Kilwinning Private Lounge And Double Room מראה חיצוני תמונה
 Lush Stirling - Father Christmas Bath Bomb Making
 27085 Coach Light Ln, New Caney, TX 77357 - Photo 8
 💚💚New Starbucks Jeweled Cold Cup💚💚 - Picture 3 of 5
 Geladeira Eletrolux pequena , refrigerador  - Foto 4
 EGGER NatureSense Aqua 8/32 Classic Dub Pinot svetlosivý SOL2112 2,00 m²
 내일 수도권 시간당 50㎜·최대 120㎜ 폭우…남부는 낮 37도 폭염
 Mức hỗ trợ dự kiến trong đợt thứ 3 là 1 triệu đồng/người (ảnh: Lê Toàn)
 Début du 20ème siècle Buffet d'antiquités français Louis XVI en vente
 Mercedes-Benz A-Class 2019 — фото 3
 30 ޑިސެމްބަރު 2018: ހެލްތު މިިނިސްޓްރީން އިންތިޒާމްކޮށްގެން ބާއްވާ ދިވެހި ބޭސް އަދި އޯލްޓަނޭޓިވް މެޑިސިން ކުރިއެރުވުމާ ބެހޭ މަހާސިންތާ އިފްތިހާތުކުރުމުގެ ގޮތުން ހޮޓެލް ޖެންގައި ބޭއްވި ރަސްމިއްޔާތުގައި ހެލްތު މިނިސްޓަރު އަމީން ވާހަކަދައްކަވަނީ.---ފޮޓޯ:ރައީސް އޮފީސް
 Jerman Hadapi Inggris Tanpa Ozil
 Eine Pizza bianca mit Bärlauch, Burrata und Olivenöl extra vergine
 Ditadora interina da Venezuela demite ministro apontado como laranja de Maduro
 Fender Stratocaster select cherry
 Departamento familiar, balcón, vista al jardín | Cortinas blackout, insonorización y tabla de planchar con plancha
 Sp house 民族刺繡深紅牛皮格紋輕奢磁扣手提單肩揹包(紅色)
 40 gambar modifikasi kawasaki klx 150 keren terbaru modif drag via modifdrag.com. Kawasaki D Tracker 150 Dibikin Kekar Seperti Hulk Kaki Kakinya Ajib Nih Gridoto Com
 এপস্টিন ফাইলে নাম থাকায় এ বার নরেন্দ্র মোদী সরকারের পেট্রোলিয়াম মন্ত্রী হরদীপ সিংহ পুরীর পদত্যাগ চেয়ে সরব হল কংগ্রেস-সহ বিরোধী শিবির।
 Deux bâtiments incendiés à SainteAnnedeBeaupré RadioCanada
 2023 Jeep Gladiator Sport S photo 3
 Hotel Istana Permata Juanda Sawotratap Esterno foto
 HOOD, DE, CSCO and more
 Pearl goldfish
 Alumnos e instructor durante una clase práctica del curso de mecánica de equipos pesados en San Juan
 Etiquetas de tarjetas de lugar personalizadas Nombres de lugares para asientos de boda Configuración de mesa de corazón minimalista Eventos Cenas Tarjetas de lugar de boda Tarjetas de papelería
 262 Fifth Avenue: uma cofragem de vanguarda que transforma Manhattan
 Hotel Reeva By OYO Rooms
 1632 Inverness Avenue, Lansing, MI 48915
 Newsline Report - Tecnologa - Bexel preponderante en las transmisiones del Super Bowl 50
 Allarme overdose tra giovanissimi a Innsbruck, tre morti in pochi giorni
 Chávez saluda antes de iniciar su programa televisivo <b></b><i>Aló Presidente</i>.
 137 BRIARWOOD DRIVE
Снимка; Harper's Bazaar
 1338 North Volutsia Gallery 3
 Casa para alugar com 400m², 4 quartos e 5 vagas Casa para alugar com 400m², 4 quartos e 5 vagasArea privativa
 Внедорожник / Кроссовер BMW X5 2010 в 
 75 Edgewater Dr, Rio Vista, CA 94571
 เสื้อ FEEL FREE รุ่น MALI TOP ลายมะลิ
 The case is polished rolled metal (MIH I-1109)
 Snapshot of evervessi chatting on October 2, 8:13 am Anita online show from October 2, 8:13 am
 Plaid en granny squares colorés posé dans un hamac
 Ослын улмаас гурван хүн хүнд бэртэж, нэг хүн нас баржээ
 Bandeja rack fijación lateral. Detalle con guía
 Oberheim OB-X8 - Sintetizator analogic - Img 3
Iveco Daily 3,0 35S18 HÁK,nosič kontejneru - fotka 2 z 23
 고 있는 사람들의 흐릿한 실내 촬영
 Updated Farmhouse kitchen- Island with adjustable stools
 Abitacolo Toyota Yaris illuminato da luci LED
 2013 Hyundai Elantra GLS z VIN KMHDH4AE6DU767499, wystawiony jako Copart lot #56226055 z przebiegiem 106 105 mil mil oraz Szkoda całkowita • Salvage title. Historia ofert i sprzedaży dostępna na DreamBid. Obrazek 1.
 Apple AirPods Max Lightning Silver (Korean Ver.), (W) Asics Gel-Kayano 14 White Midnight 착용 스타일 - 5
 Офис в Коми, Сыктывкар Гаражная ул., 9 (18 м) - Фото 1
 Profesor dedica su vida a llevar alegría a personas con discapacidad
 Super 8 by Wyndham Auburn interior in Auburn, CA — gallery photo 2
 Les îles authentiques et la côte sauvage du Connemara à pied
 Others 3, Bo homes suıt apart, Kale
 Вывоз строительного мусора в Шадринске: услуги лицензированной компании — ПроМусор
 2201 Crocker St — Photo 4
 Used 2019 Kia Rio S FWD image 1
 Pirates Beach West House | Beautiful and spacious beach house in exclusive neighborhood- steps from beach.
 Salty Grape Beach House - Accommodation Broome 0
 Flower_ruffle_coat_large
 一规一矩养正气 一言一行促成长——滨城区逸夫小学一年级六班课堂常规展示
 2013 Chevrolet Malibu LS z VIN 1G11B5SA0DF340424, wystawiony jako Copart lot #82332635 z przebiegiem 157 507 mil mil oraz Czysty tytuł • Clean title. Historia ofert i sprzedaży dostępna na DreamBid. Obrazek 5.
# # # #
— Problem statement —
Give again, word for word, every line of the listing above from the one with "Lush Stirling - Father" to the one with "Mercedes-Benz A-Class 2019 — фото 3", both inclusive, and nothing beyond them.

— Response box —
 Lush Stirling - Father Christmas Bath Bomb Making
 27085 Coach Light Ln, New Caney, TX 77357 - Photo 8
 💚💚New Starbucks Jeweled Cold Cup💚💚 - Picture 3 of 5
 Geladeira Eletrolux pequena , refrigerador  - Foto 4
 EGGER NatureSense Aqua 8/32 Classic Dub Pinot svetlosivý SOL2112 2,00 m²
 내일 수도권 시간당 50㎜·최대 120㎜ 폭우…남부는 낮 37도 폭염
 Mức hỗ trợ dự kiến trong đợt thứ 3 là 1 triệu đồng/người (ảnh: Lê Toàn)
 Début du 20ème siècle Buffet d'antiquités français Louis XVI en vente
 Mercedes-Benz A-Class 2019 — фото 3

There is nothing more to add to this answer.